Thus some of us who are now grandparents remember our own grandparents. (In my case, all four were alive when I was born, but three of the four died before I was Bar Mitzvah.) Now that life expectancy in the United States is about 78, more and more of us will see our grandchildren, and some of us will be lucky enough to see our great-grandchildren.

What is the role of grandparents? The Talmud is very specific about that. Not only do parents have the duty to teach Torah (and the skills to earn a living) to their children; grandparents do too (B. Kiddushin 30a), based on Deuteronomy 4:9: "Make them known to your children and to your children's children!" In our day, that might include helping parents pay tuition for Jewish schools, camps, and youth groups for their grandchildren. Grandparents can feel good about doing that, but not too good because it is not an especially generous act on their part; it is their Jewish legal duty!

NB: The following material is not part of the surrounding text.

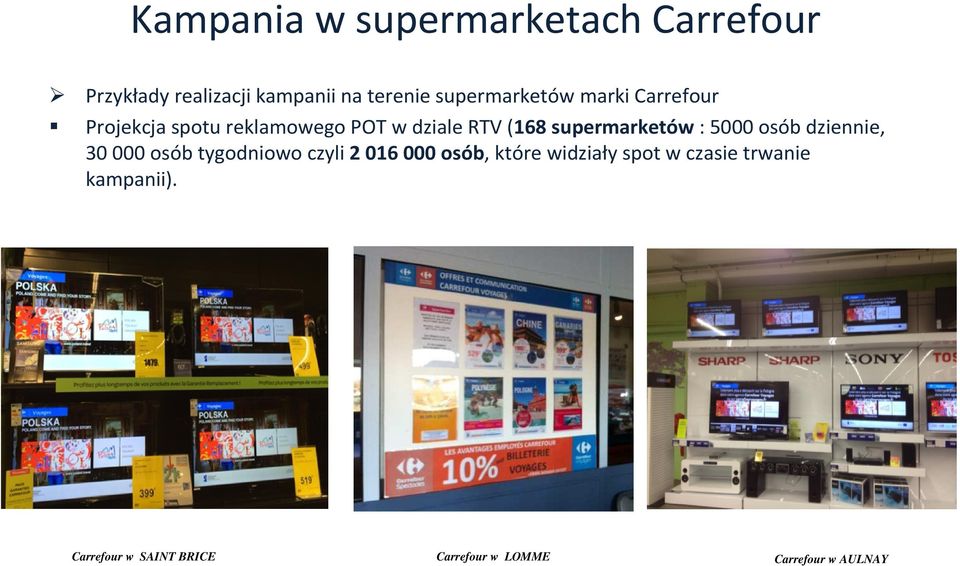 supermarketów : 5000 osób dziennie, 30 000 osób tygodniowo czyli 2 016 000 osób, które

 Grandparents, though, can and should have a much more direct and personal influence on their grandchildren. I have been a member of admissions committees for rabbinical school for over forty years, and time and time again applicants mention their grandparents as a major Jewish influence on their lives. Not every Jew should become a rabbi, of course, but this illustrates the immense affect that grandparents can have on the Jewish character of their grandchildren's lives. 

Following the lead of my friend, Dr. Alvin Mars, I now Skype with my nine-year-old grandson who lives across the country in New Jersey each week. We study D'varim (Deuteronomy) together for fifteen or twenty minutes, and then we talk about all kinds of other things. This not only deepens our personal relationships; it also communicates my own commitment to Judaism, and it helps him think about his own Jewish life. Aside from that, it is a sheer delight!

This becomes even more important when your children have married people of other faiths. How do you model your own Jewish commitments to your grandchildren so that they know about them and seek to figure out their own Jewish identity as they grow? Rabbi Charles Simon, Executive Director of the Federation of Jewish Men's Clubs, and a number of people working with him have produced wonderful materials to help grandparents do that, including Let's Talk About It - A Book of Support and Guidance (on talking with your members of your family who are intermarried) and Intermarriage Concepts and Strategies. Check out the FJMC website to order those materials here.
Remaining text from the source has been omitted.